I honestly am thinking about just giving in and giving her my dress. But I really just have to get some outside views and input on this situation. Any thoughts would be very helpful and thank you so much in advanced!
NTA. Your stepsister is obviously unhinged and very, very manipulative. Choosing a dress over her unborn baby. If she decided to go through the abortion, it is up to her. Whatever her decision, I would consider NOT going to her wedding (if it is still on) and blocking her and her mom. Don’t feel guilty. This is not your fault.
I was not going after I was kicked from the wedding party. I 100% agree. It's crazy that she is even doing this. I am going NC after this is resolved. I am going to talk to my BIL in the morning and see what he would like to do and how he feels about everything.
NTA but you would be if you give her that dress. You think if you hand over the dress she will keep the kid and her and her partner can play happy families. But all you will be doing is setting a precedent. She will then start demanding other things.

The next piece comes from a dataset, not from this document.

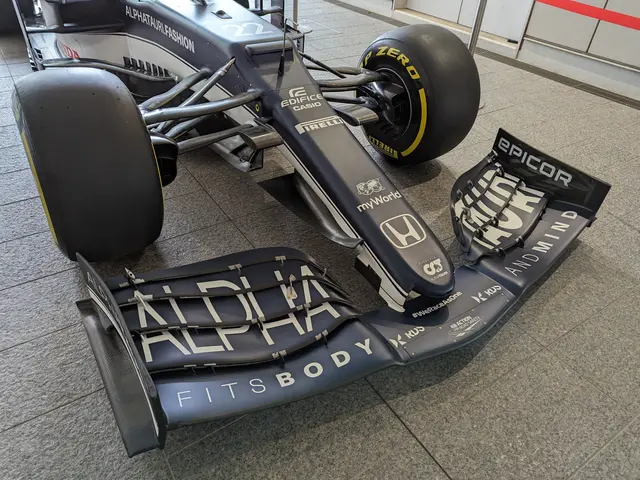 The image shows a McLaren MP4-31 Formula 1 car on the floor of the McLaren Museum, with a wall in...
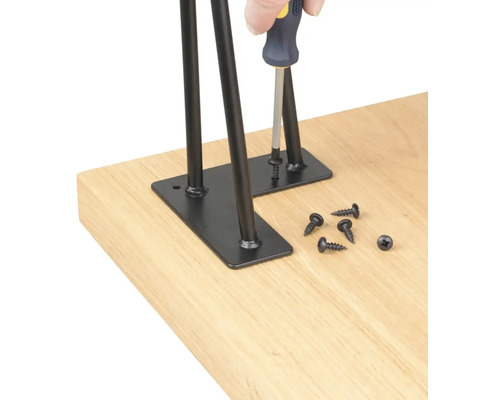 Montáž čiernych stolových nôh pomocou skrutiek na stolovú dosku.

Give the mouse a cookie how long before it demands a glass of milk. Leeches like her will never stop. She will keep using that kid as a bargaining tool to get what she wants. Stand your ground. If she chooses to seriously abort that kid over a dress your bil is better off without her in his life.
That is a good point.
dear GODS this was atrocious. halfway through, it was obvious you're NTA. by the time i got to the abortion part....ma'am for your safety and sanity, you really, really, REALLY need to go full no contact with your sister. she is going to be, at BEST, an incredibly toxic influence on your life.
at worst she is going to actively ruin your life. that attempt at manipulation was grade a narcissistic behavior, if not straight up psychopathic. please do whatever it takes to take care of yourself, in every sense of the phrase.